Dual AV Nodal Physiology and AVNRT
In this section, we will cover the concept of dual AV nodal physiology, the phenomenon whereby a patient has two (or more) electrophysiologically distinct pathways in their AV node, and its related arrhythmias.
This section will go over:
The normal biology of the AV junction, which is normally meant to induce a conduction delay to allow left ventricular filling after atrial contraction and to prevent tachyarrhythmia. We will discuss the three distinct regions and cell types (AN, N, NH) and their individual properties, including how they are affected by medications and autonomic signalling.
The prevalence and structure of the dual pathways in this condition, such as the usual presence of both a fast and slow pathway, as well as a discussion about the common pathways proximal and distal to the dual pathways.
The various different manifestations of dual AV nodal physiology, including:
Atrioventricular nodal reciprocating tachycardia (AVNRT), which is a condition whereby the two pathways form the limbs of a reentrant circuit which can cause supraventricular tachycardia. This is the most well-known manifestation of dual AV nodal physiology. We will discuss the more prevalent "typical" (slow-fast) AVNRT, as well as the "atypical" variants (fast-slow and slow-slow).

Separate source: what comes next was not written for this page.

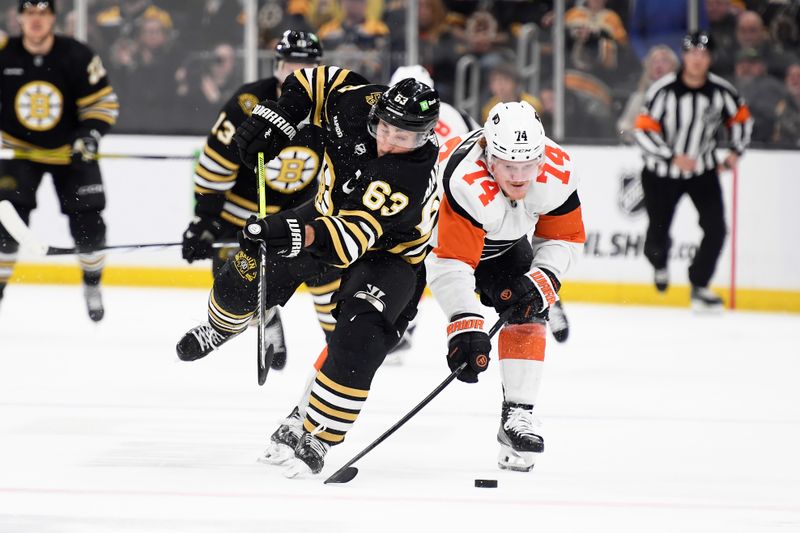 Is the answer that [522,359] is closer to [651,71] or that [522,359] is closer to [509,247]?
[509,247]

Reciprocating beats, whereby impulses traverse down one pathway and return via the other pathway to re-excite the chamber that the impulse originated from.
Two families of PR intervals, where a patient will exhibit either a long or short PR interval depending on which pathway is being used for anterograde conduction. We will also discuss how the heart "switches" between the two pathways in the presence of premature beats, concealed conduction, or changes in autonomic tone. On a similar note, we will also discuss two families of RP intervals, where the RP interval of retrograde p waves switches between two values in the context of a ventricular rhythm.

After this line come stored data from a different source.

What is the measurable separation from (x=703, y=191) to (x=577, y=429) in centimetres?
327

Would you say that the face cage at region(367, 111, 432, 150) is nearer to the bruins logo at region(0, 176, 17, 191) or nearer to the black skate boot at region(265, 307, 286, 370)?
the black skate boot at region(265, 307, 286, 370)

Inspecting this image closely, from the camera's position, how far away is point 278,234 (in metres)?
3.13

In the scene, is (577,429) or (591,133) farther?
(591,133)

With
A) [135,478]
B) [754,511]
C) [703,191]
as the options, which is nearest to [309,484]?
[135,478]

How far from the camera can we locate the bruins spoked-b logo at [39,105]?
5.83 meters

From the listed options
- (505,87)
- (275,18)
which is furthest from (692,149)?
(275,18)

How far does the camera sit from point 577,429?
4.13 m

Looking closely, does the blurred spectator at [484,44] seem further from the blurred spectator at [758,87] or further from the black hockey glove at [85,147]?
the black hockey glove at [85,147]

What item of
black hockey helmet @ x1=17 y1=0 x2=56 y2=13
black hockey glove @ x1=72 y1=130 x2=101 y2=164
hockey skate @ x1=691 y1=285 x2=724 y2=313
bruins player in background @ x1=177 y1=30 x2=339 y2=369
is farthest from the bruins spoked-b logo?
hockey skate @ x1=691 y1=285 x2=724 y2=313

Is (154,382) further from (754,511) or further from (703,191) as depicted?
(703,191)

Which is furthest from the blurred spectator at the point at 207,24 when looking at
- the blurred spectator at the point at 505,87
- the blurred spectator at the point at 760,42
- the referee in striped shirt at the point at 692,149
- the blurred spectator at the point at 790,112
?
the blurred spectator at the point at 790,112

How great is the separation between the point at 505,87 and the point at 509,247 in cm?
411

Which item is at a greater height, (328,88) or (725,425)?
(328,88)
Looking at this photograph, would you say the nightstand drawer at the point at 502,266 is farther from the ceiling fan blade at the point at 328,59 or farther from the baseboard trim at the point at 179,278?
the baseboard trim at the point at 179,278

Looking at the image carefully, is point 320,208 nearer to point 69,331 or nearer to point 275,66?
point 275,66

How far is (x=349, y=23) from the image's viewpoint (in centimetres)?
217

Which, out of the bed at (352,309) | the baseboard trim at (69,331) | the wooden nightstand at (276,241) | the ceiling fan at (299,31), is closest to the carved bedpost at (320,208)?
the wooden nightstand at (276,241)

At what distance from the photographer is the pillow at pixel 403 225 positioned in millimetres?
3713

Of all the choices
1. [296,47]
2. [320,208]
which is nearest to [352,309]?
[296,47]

Double fire tachycardia, wherein an atrial beat is conducted down both fast and slow pathways simultaneously, such that the ventricles are captured twice for each atrial beat.
Rapid atrial fibrillation, which, while not solely related to dual AV nodal physiology, can be more prevalent in this population. This is because the slow pathway tends to have a lower refractory period, and can hence conduct more atrial signals, causing tachycardia. In essence, this is the a compromise of the normal physiologic block of the AV node.